● Your goal
Take the line containing "Photo de Jardin des Prébendes dOé" through the last line of the data and retype those lines exactly. Pictures do not belong in the copy.

(Captioned web images)
━━━

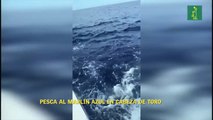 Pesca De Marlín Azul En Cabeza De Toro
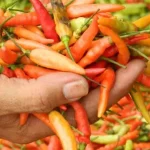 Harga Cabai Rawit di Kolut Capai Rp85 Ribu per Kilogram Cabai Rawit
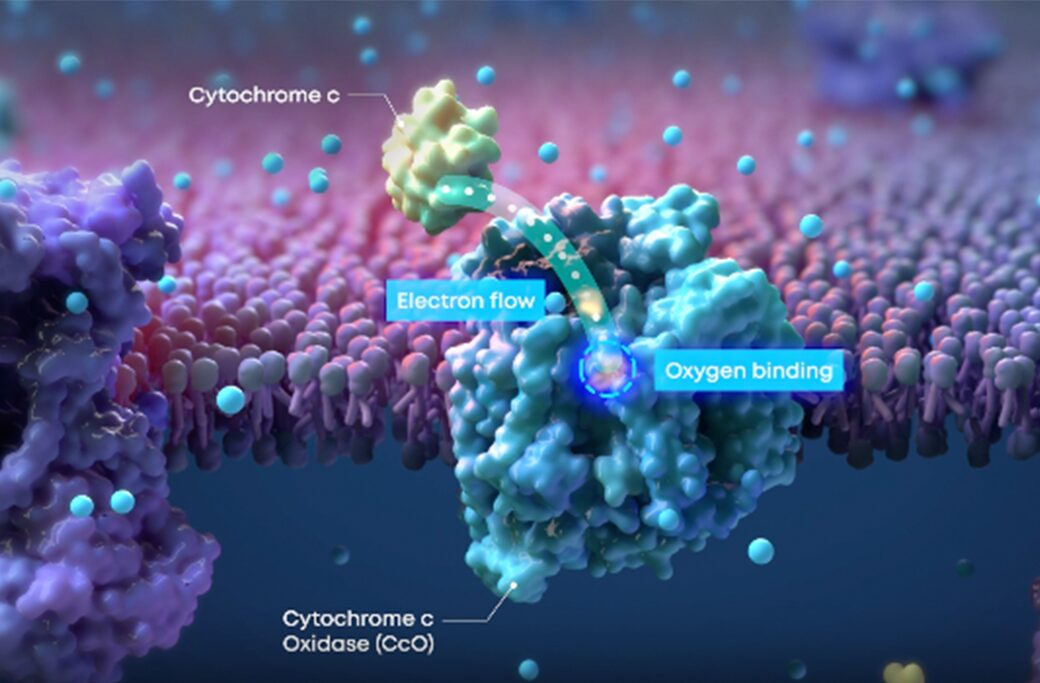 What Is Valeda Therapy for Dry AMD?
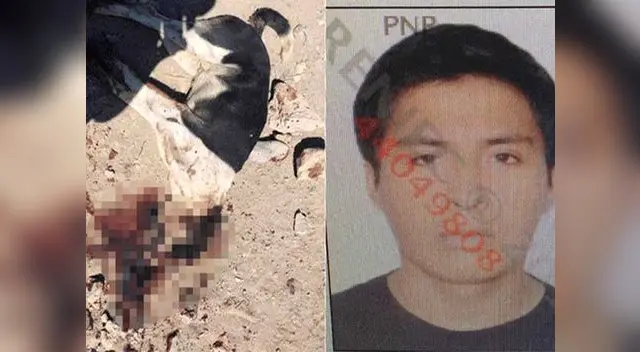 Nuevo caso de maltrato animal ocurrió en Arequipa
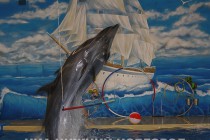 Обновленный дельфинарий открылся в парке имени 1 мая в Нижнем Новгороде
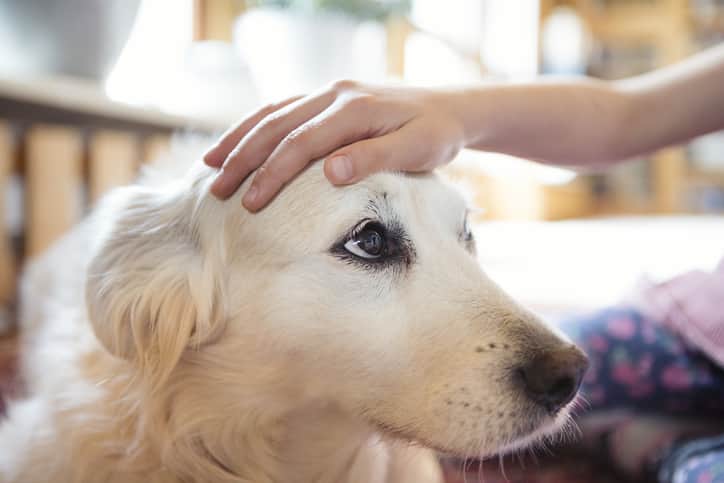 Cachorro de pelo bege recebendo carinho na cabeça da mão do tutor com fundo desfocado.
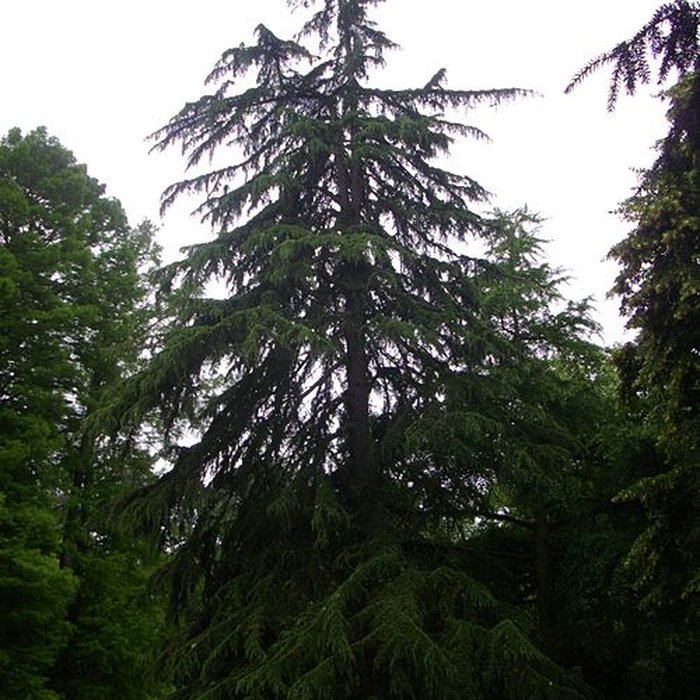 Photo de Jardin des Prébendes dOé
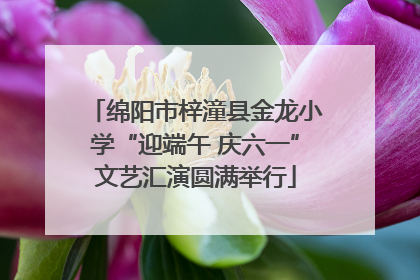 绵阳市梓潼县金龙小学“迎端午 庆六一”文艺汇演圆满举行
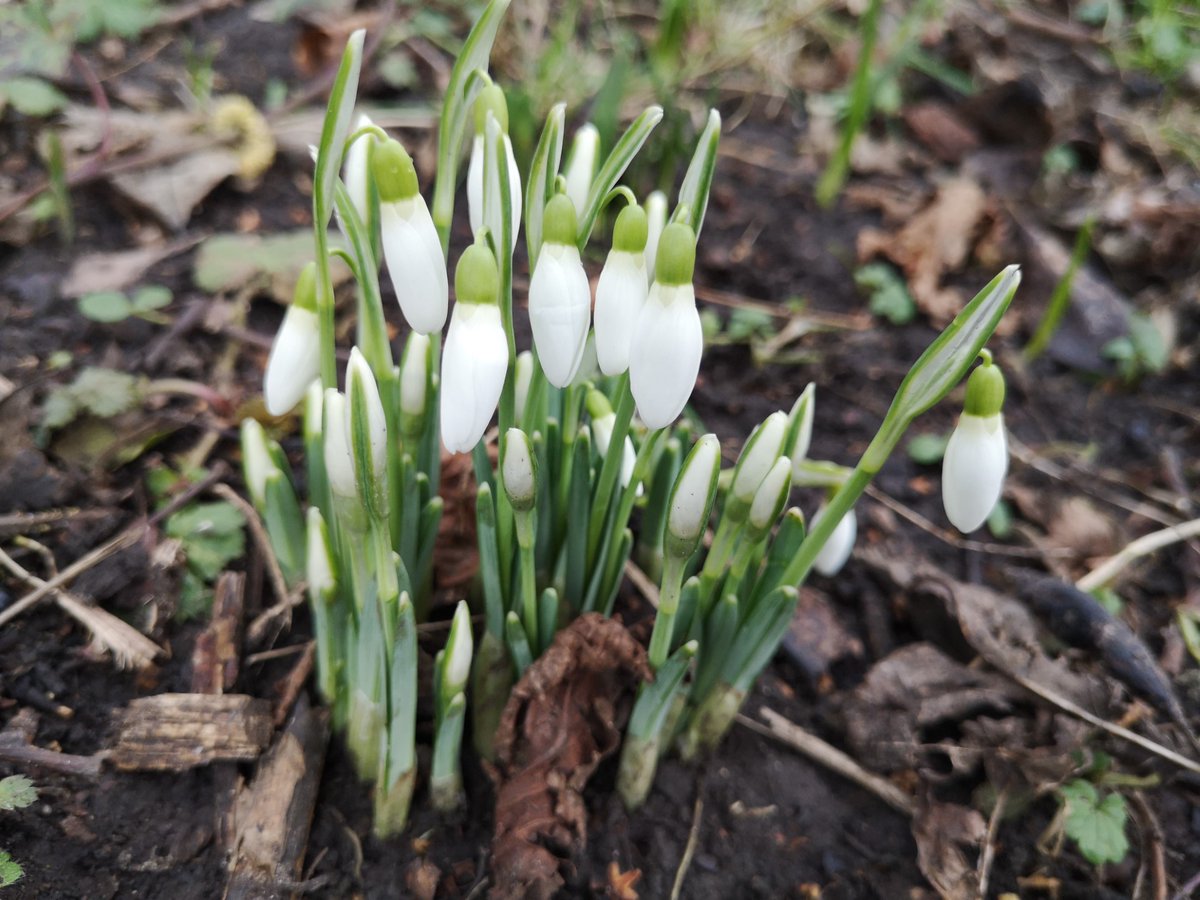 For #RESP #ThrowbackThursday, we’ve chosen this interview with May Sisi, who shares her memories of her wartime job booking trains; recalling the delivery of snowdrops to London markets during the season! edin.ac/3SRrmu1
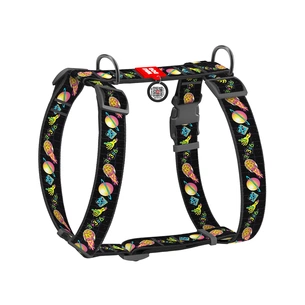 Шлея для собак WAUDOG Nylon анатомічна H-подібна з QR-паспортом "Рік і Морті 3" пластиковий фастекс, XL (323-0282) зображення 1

━━━

● Expected output
 Photo de Jardin des Prébendes dOé
 绵阳市梓潼县金龙小学“迎端午 庆六一”文艺汇演圆满举行
 For #RESP #ThrowbackThursday, we’ve chosen this interview with May Sisi, who shares her memories of her wartime job booking trains; recalling the delivery of snowdrops to London markets during the season! edin.ac/3SRrmu1
 Шлея для собак WAUDOG Nylon анатомічна H-подібна з QR-паспортом "Рік і Морті 3" пластиковий фастекс, XL (323-0282) зображення 1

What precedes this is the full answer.